PROBLEM TO SOLVE. Repeat the data that follows in full. Do not include the pictures.

SOURCE MATERIAL.
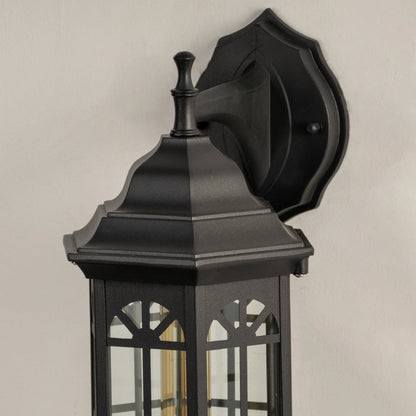 Closeup of black outdoor lantern showing the clear glass panes and classic decorative metal frame ideal for traditional outdoor porch and patio lighting.
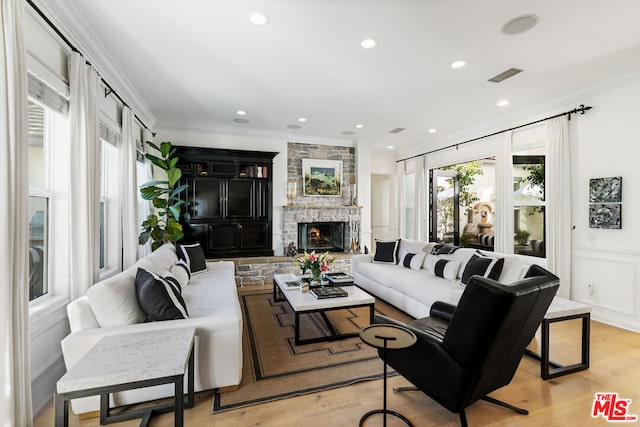 living room featuring ornamental molding, a stone fireplace, and light hardwood / wood-style floors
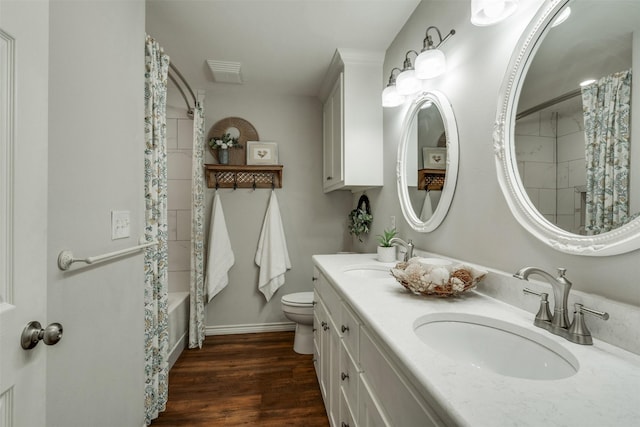 full bath featuring shower / bath combo with shower curtain, a sink, toilet, and wood finished floors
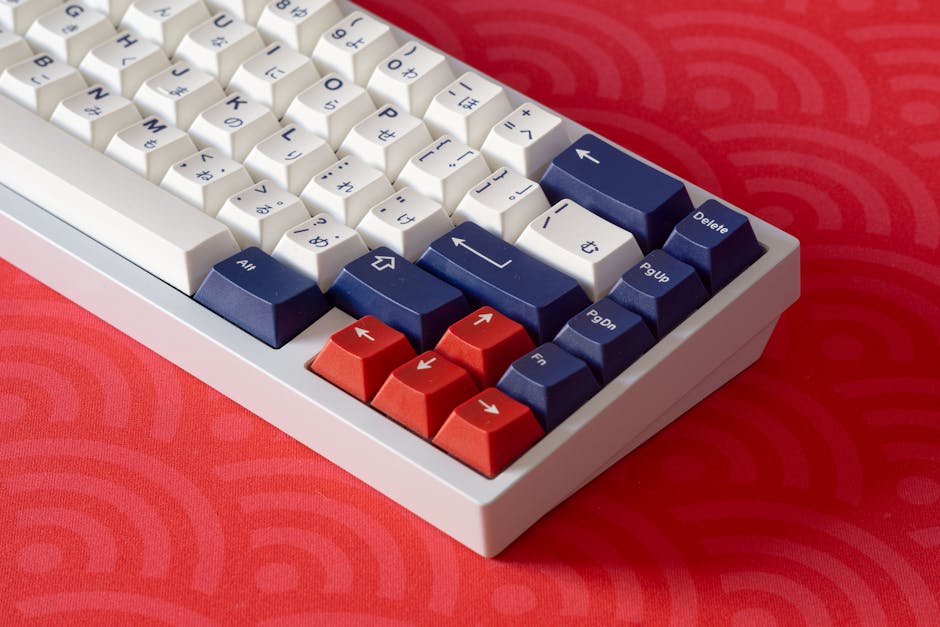Close-up of a white and red mechanical keyboard with blue keys on a vibrant red surface.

RESULT.
 Closeup of black outdoor lantern showing the clear glass panes and classic decorative metal frame ideal for traditional outdoor porch and patio lighting.
 living room featuring ornamental molding, a stone fireplace, and light hardwood / wood-style floors
 full bath featuring shower / bath combo with shower curtain, a sink, toilet, and wood finished floors
Close-up of a white and red mechanical keyboard with blue keys on a vibrant red surface.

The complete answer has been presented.